**** Records for this task ****

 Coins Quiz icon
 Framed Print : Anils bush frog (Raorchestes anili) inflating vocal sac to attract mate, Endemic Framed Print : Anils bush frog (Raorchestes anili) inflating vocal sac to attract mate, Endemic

****
**** Records for this task ****

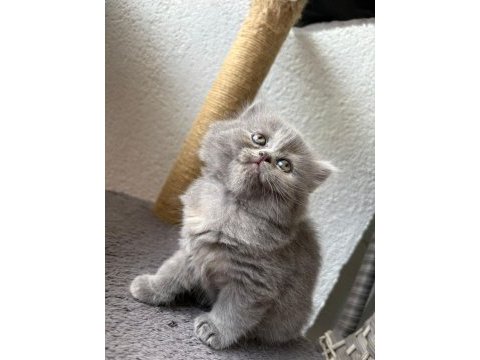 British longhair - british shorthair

****

Aim of the task
Set down, from the entries above, exactly the lines from the one with "Coins Quiz icon" up to and including the one with "mate, Endemic Framed", and no other lines.

Answer for the task
 Coins Quiz icon
 Framed Print : Anils bush frog (Raorchestes anili) inflating vocal sac to attract mate, Endemic Framed Print : Anils bush frog (Raorchestes anili) inflating vocal sac to attract mate, Endemic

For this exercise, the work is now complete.